Every line of the listing below from the one with "Alice- en kattenTas" up to and including the one with "visvim lieutenant matoi" should be retyped exactly, and nothing else; pictures are not part of the copy.

▸ Information shown:
[Start of Attachment]

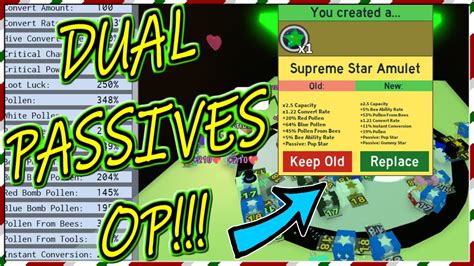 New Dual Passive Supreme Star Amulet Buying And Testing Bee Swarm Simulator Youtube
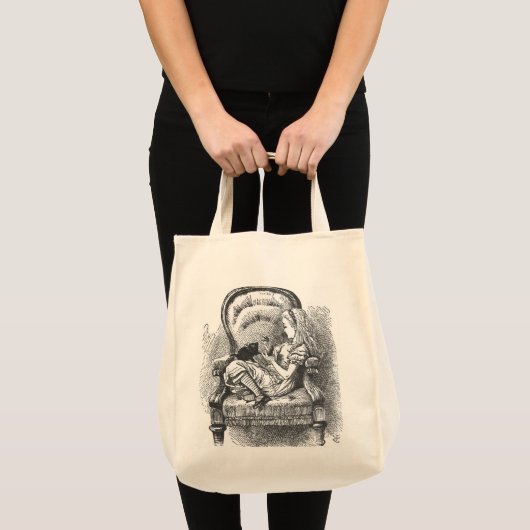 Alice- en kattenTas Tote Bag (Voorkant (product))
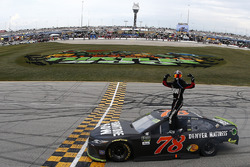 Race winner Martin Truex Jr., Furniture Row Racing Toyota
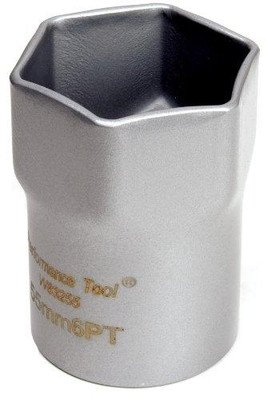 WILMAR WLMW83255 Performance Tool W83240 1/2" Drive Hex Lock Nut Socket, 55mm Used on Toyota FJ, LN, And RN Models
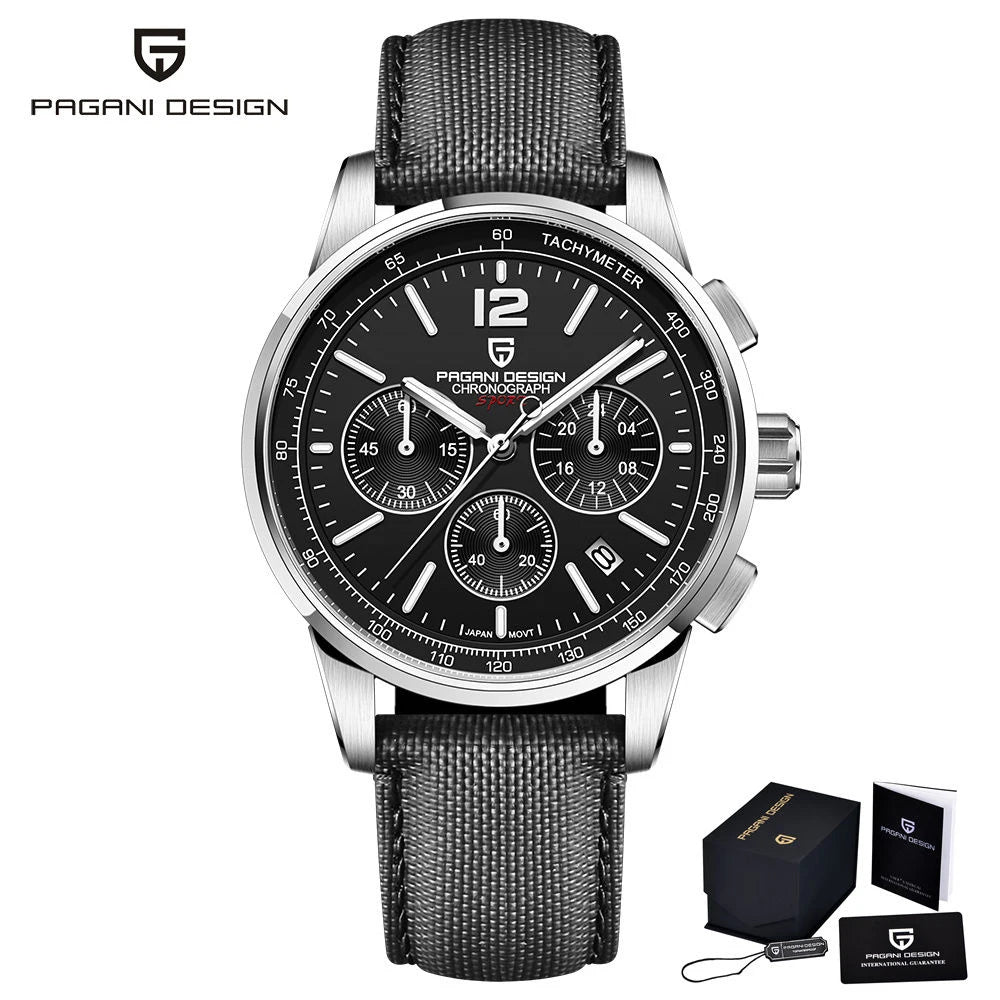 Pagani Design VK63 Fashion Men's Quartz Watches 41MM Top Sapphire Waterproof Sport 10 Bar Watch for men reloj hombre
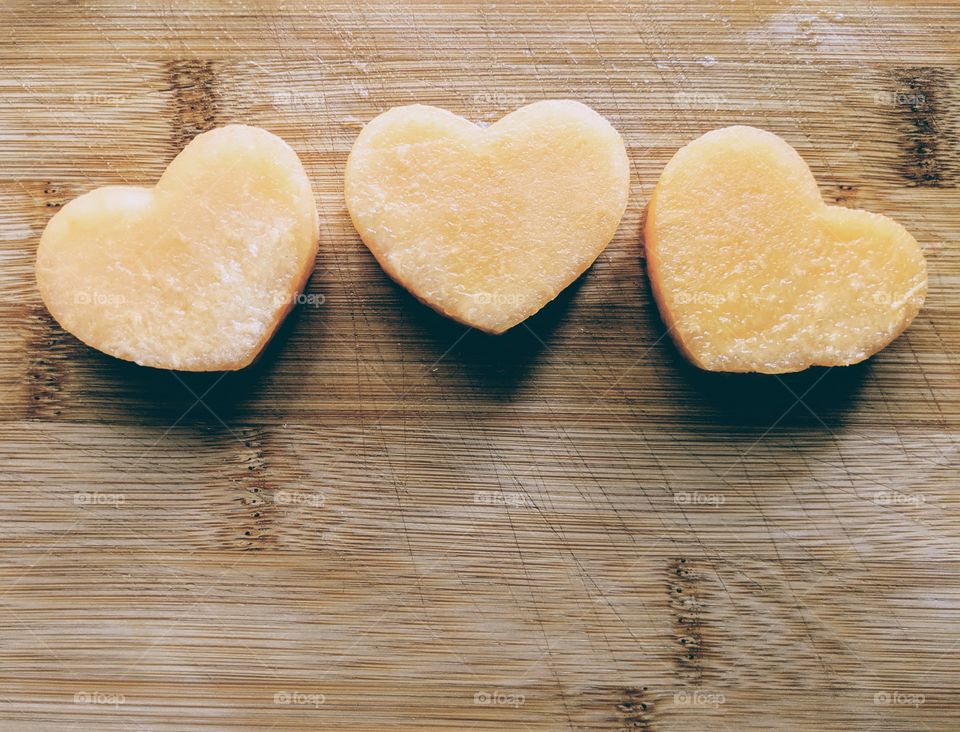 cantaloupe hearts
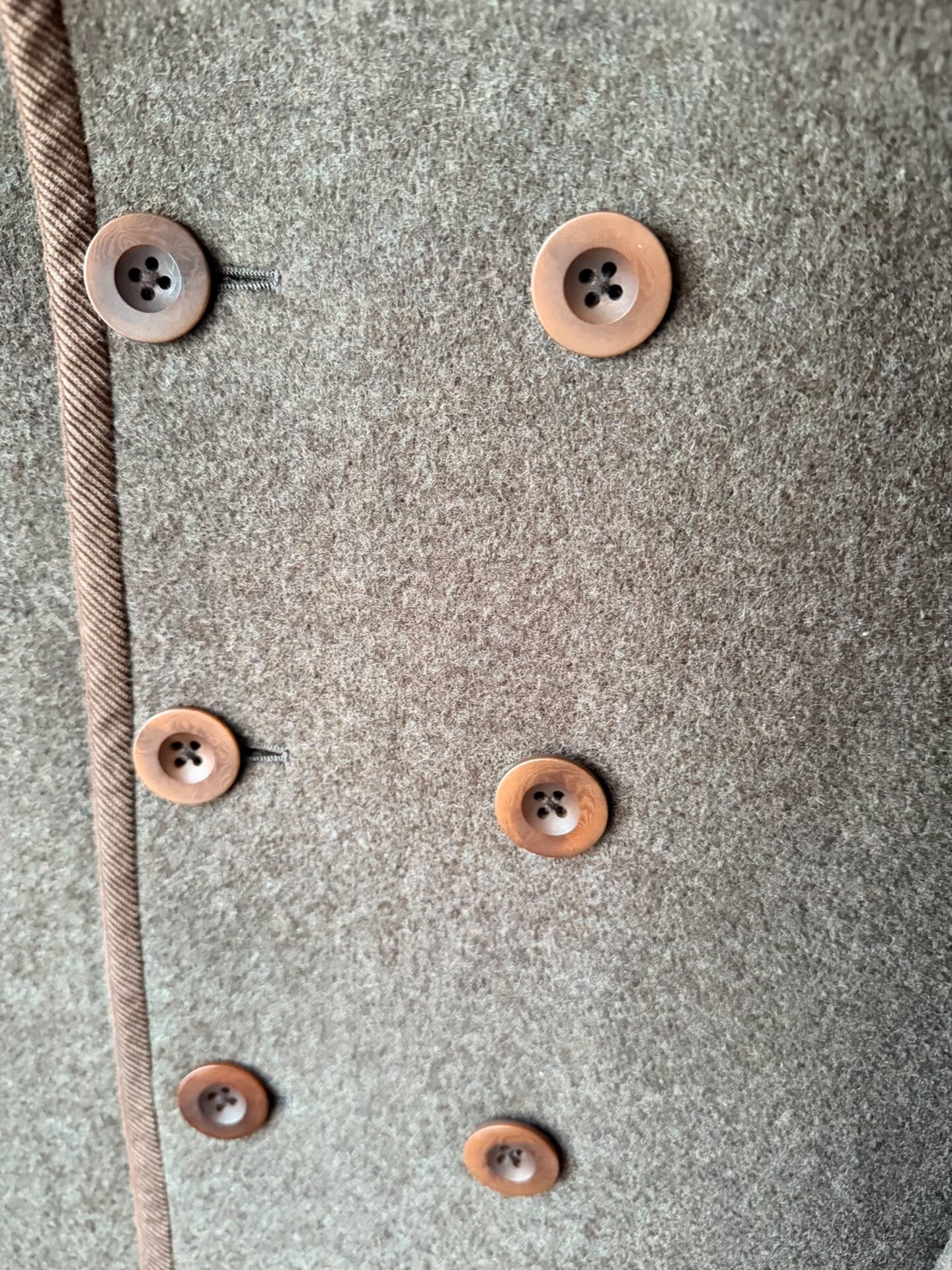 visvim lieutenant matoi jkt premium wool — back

[End of Attachment]
[Start of Attachment]

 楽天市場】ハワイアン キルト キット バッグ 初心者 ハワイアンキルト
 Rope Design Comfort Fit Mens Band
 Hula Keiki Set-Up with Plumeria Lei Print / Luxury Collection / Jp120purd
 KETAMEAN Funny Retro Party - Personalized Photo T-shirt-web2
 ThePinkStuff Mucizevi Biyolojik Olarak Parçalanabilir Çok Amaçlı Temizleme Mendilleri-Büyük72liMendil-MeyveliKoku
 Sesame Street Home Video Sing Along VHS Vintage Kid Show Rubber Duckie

[End of Attachment]
[Start of Attachment]

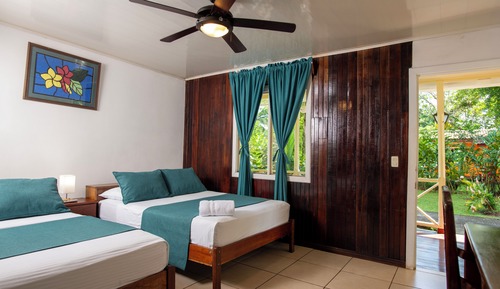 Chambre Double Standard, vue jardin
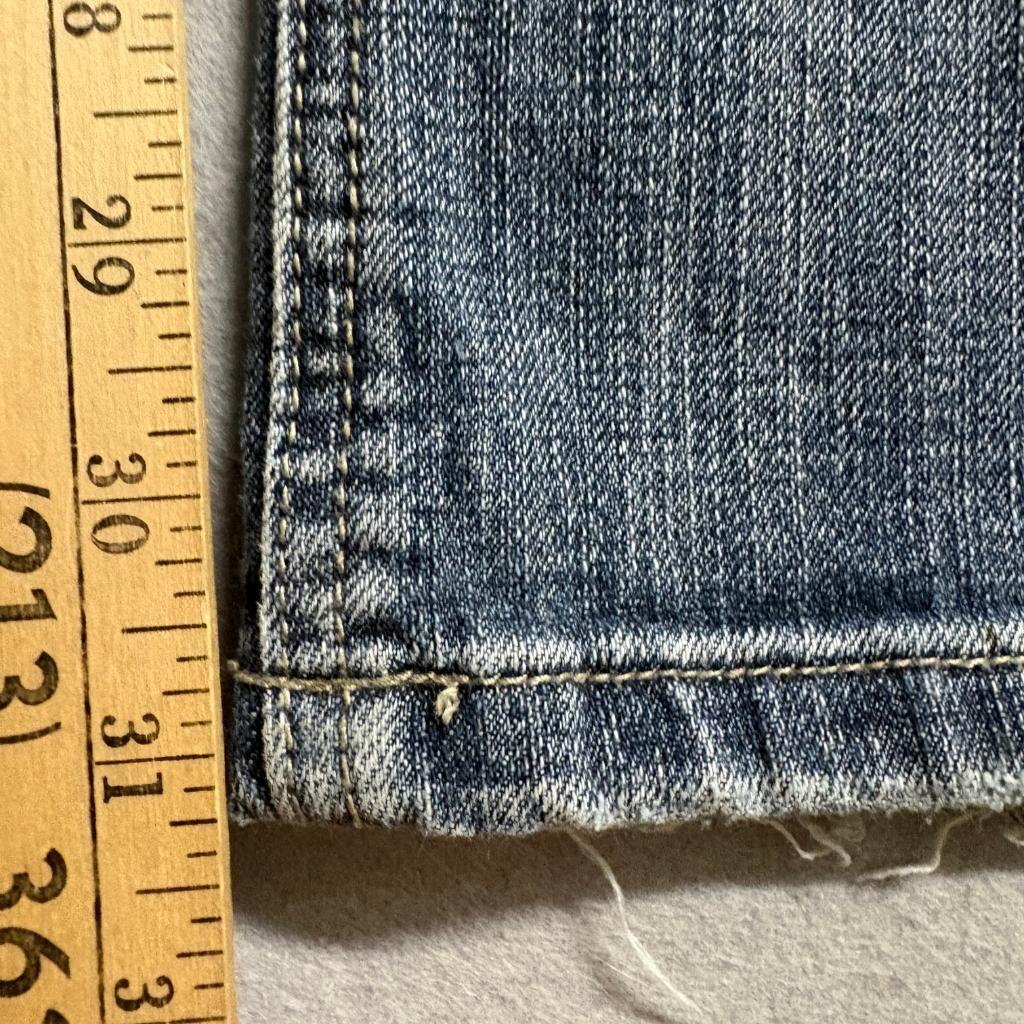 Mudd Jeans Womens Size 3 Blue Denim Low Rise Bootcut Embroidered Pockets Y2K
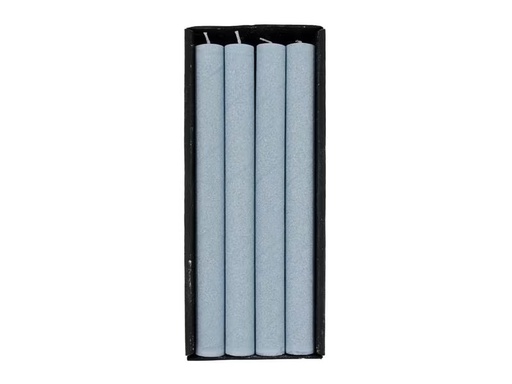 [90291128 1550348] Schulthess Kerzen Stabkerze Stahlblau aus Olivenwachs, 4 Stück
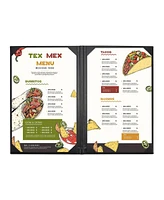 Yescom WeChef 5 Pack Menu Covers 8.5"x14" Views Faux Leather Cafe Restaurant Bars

[End of Attachment]

▸ Written reply:
 Alice- en kattenTas Tote Bag (Voorkant (product))
 Race winner Martin Truex Jr., Furniture Row Racing Toyota
 WILMAR WLMW83255 Performance Tool W83240 1/2" Drive Hex Lock Nut Socket, 55mm Used on Toyota FJ, LN, And RN Models
 Pagani Design VK63 Fashion Men's Quartz Watches 41MM Top Sapphire Waterproof Sport 10 Bar Watch for men reloj hombre
 cantaloupe hearts
 visvim lieutenant matoi jkt premium wool — back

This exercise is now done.